In Wrisley Co. v. Iowa Soap Co. (C.C.A.) 122 F. 796, 798, Judge Sanborn again said: "The duty is imposed upon every manufacturer or vendor to so distinguish the article he makes or the goods he sells from those of his rival that neither its name nor its dress will probably deceive the public or mislead the common buyer. He is not, however, required to insure to the negligent or the indifferent a knowledge of the manufacture or the ownership of the articles he presents. His competitor has no better right to a monopoly of the trade of the careless and indifferent than he has, and any rule of law which would insure it to either would foster a competition as unfair and unjust as that promoted by the sale of the goods of one manufacturer as those of another. One who so names and dresses his product that a purchaser who exercises ordinary care to ascertain the sources of its manufacture can readily learn that fact by a reasonable examination of the boxes or wrappers that cover it has fairly discharged his duty to the public and to his rivals, and is guiltless of that deceit which is an indispensable element of unfair competition."

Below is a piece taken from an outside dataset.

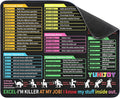 Excel Cheat Sheet Desk Pad - Excel Cheat Sheet Desk Mat - Mouse Pads, Non-Slip Base Portable Mousepad Suitable Ideal for Office, Gaming (11.8" x 9.84") by Unknown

See Forbes Tea Coffee Co. v. Ranney-Davis Mercantile Co. (C.C.A.) 29 F.2d 697; Federal Trade Commission v. Klesner, 280 U.S. 19, 50 S. Ct. 1, 74 L. Ed. ___; McLean v. Fleming, 96 U.S. 246, 24 L. Ed. 828; American Steel Foundries v. Robertson, 269 U.S. 372, 46 S. Ct. 160, 70 L. Ed. 317; and many other cases.
I am of the opinion the bill in this case does not make out by its averments a case of unfair competition. The motions are therefore sustained.